Non gli va giù. La storia della Fiat è anche lui, l’astro Marchionne non riuscirà ad offuscare Cesare Romiti. Questo è un Paese che dimentica facilmente e finché ci sarà, continuerà a rivendicare scelte e azioni, che a suo tempo incisero non poco nel futuro del più importante gruppo industriale italiano.
Non sopporta che l’approdo odierno della Fiat sia ritenuto “un posto migliore, molto migliore di quanto non sia mai stata”. E di non vedersi riconosciuto il coraggio “degli anni del terrore, quando cadevano Ghiglieno e Casalegno e quando fare impresa, andare in ufficio o in fabbrica equivaleva a mettere in gioco la propria vita e quella dei collaboratori.
Un coraggio rispettabile.

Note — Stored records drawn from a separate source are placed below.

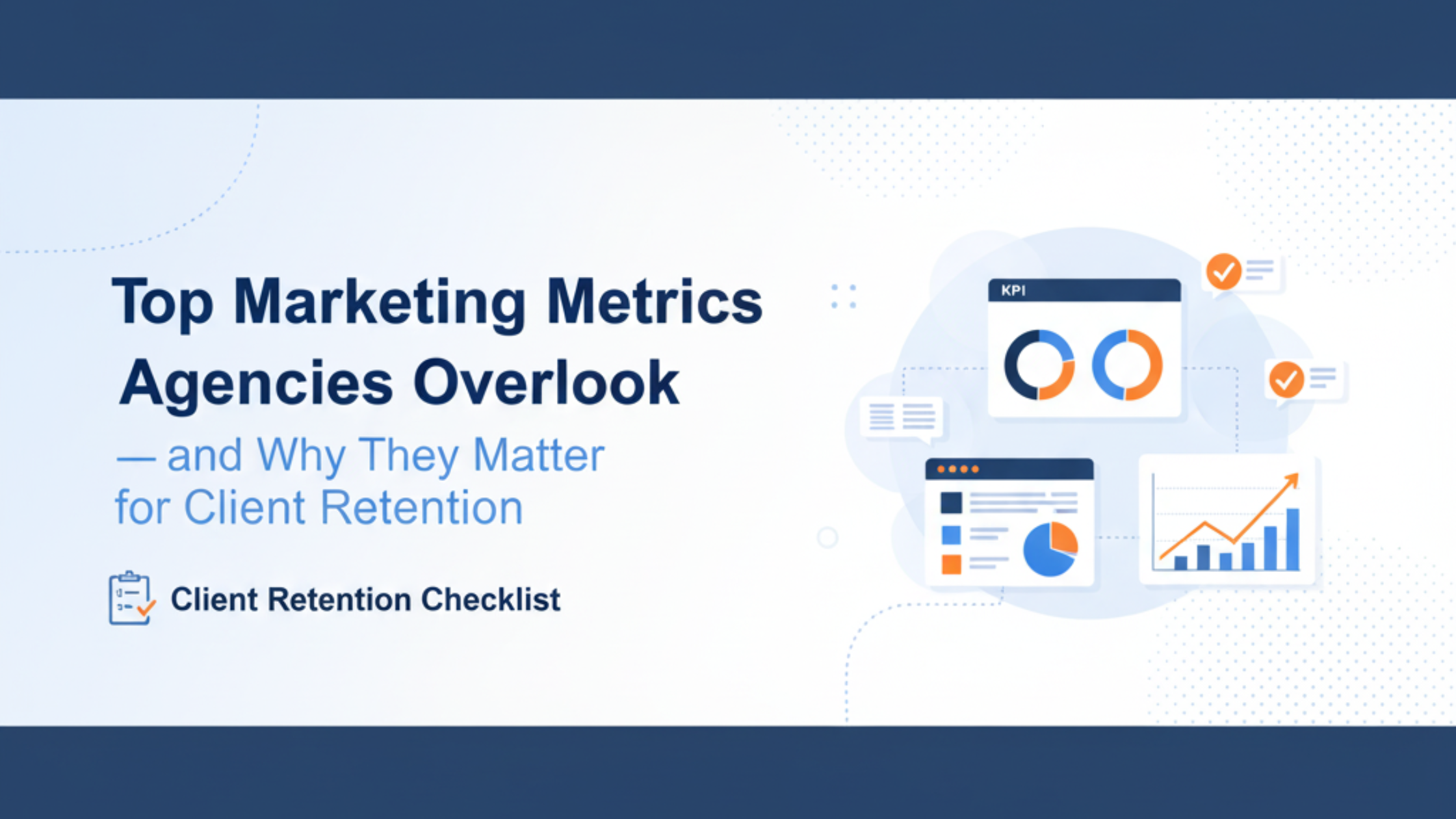 marketing metrics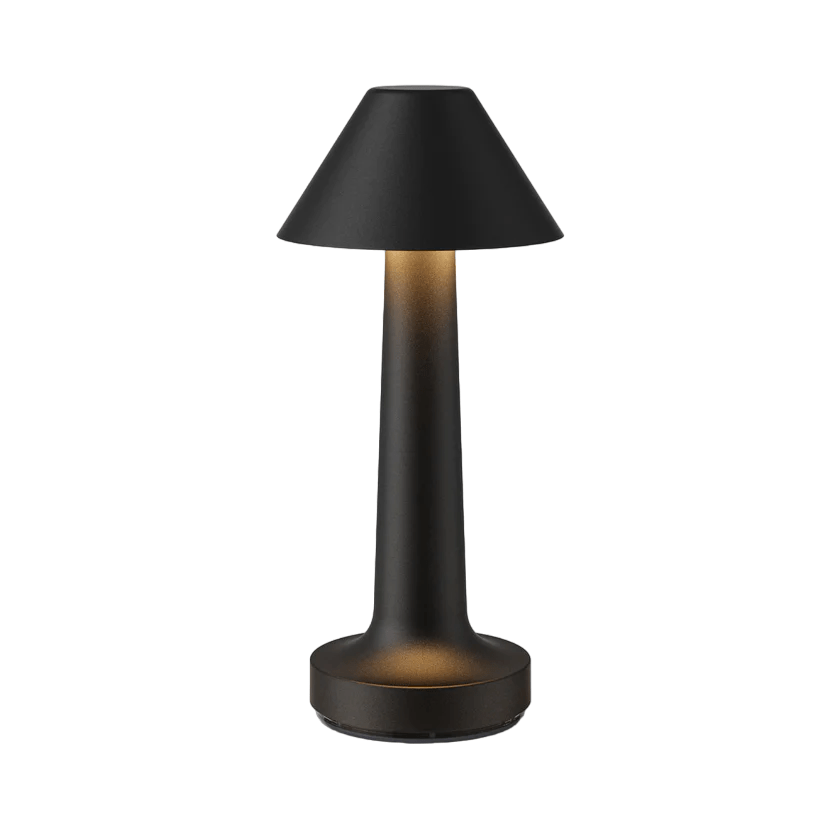elegant-dimmable-table-lamp-fo-31-09nynf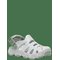 KEEN Ke Hyperflt - VAPOR-LILY PAD - 30 – kuva 1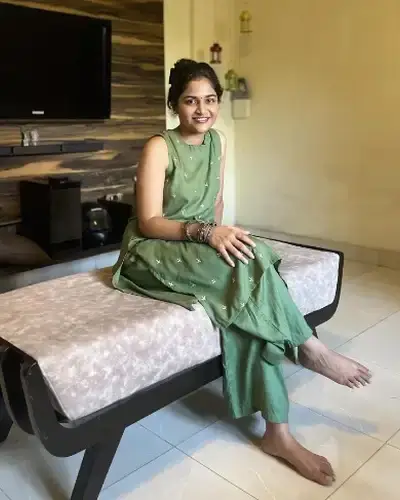 Badarpur Call Girls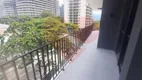 Foto 14 de Apartamento com 2 Quartos à venda, 80m² em Recreio Dos Bandeirantes, Rio de Janeiro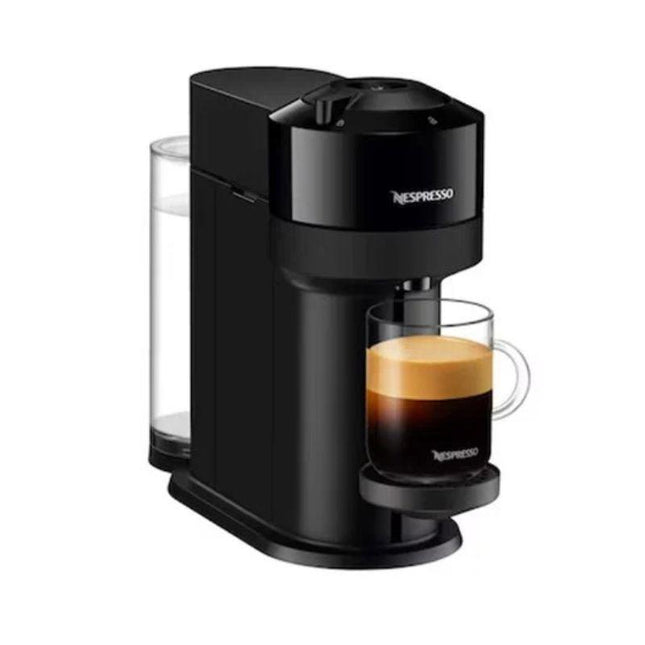 Nespresso GDV1-GB-MB-NE Vertuo Next Coffee and Espresso Maker Machine GDV1GBMBNE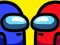 Among Us - Impostor King Online — free online game
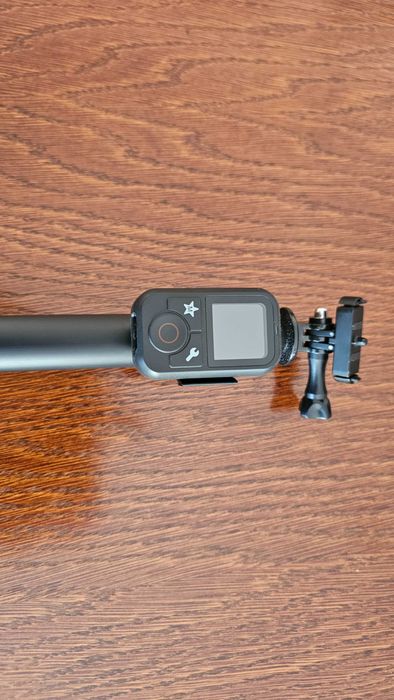 Uchwyt Pilota Go Pro Telesin T13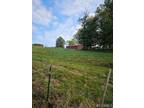 Home For Sale In Hillsville, Virginia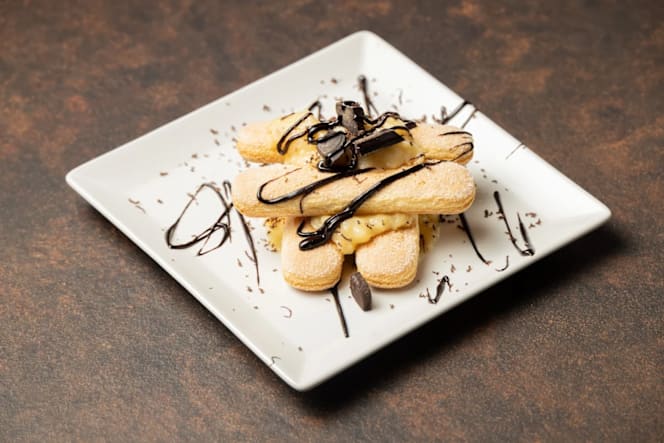 JinTo EnoGintoneria & Bistrot - 8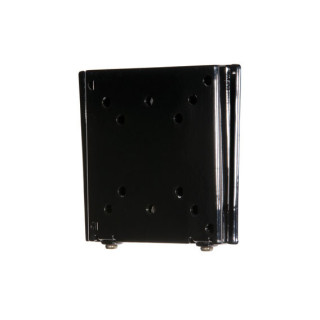 Peerless PF630 support pour téléviseur 99,1 cm (39") Noir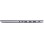 Asus Vivobook 14 M1405NAQ-LY014 14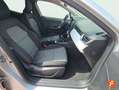 Renault Clio E-TECH Full Hybrid Evolution 105kW Gris - thumbnail 21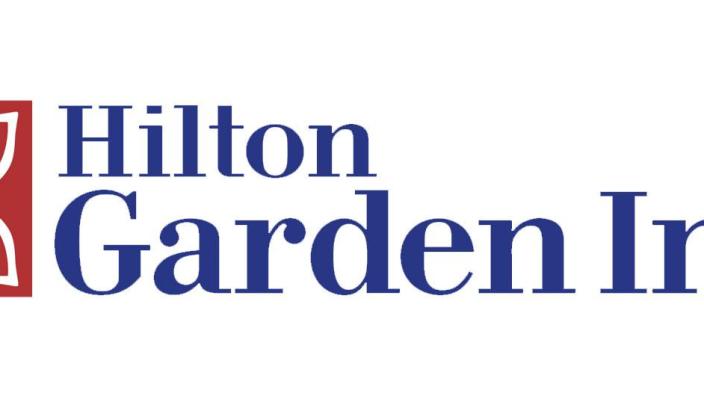 Hilton Garden Inn Fwb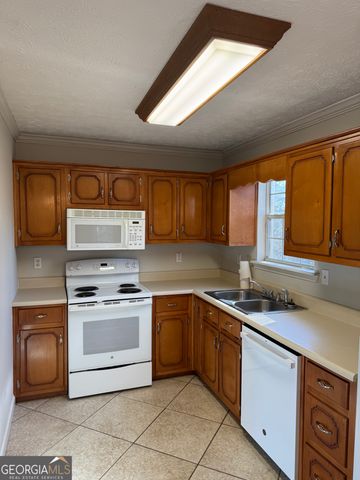 89 Cottonwood Loop, Dallas, GA 30132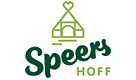 speers-hoff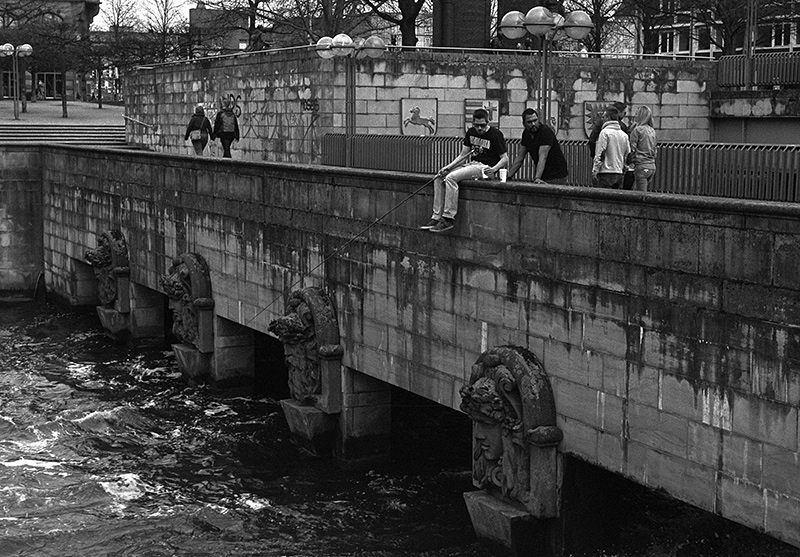 Foma-Rodinal43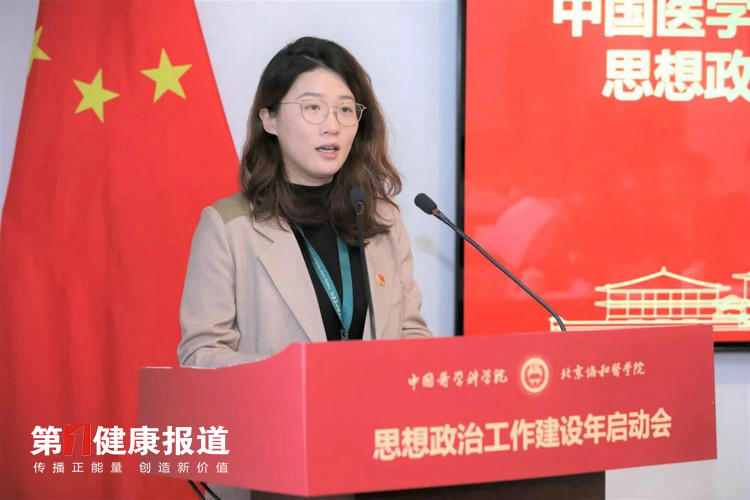 微信图片_20220122110639.jpg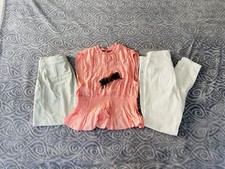 h m pants shorts lot for sale  West Palm Beach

Il coraggio di chi giocava o era costretto a giocare in difesa, ma francamente un coraggio diverso da quello indicato da Sergio Marchionne. Decisamente più aggressivo e soprattutto votato ad un’azione di attacco asfissiante, dinamica e costantemente innovativa.
Molto più efficace, invece, lo stimolo del Grande Cesare di Mirafiori, che aveva fatto della diversificazione delle attività la cifra caratteristica della sua Fiat. Tanto da entrare in conflitto aspro con l’allora management del settore auto, il cui apice portò alle clamorose dimissioni di Vittorio Ghidella. Se la Fiat di Marchionne si concentra con evidente successo sull’auto, forse è arrivato il momento di pretendere più coerenza. E dopo la formalizzazione del ritiro dall’azionariato di Mediobanca, “perché non si cede anche la partecipazione in Rcs?”
Capitolo piuttosto delicato, visto che l’azienda torinese è proprietaria anche di una prestigiosa testata come la Stampa. Un argomento, quello delle dismissioni degli asset terzi, rispetto al core business, più volte affrontato e auspicato anche da Alessandro Profumo, a proposito delle partecipazioni bancarie nei giornali e in tutto quello che non è “banca”. Alla predica ed alle buone intenzioni di Marchionne e Profumo, Cesare Romiti e non solo lui aspettano ora di veder seguire i fatti.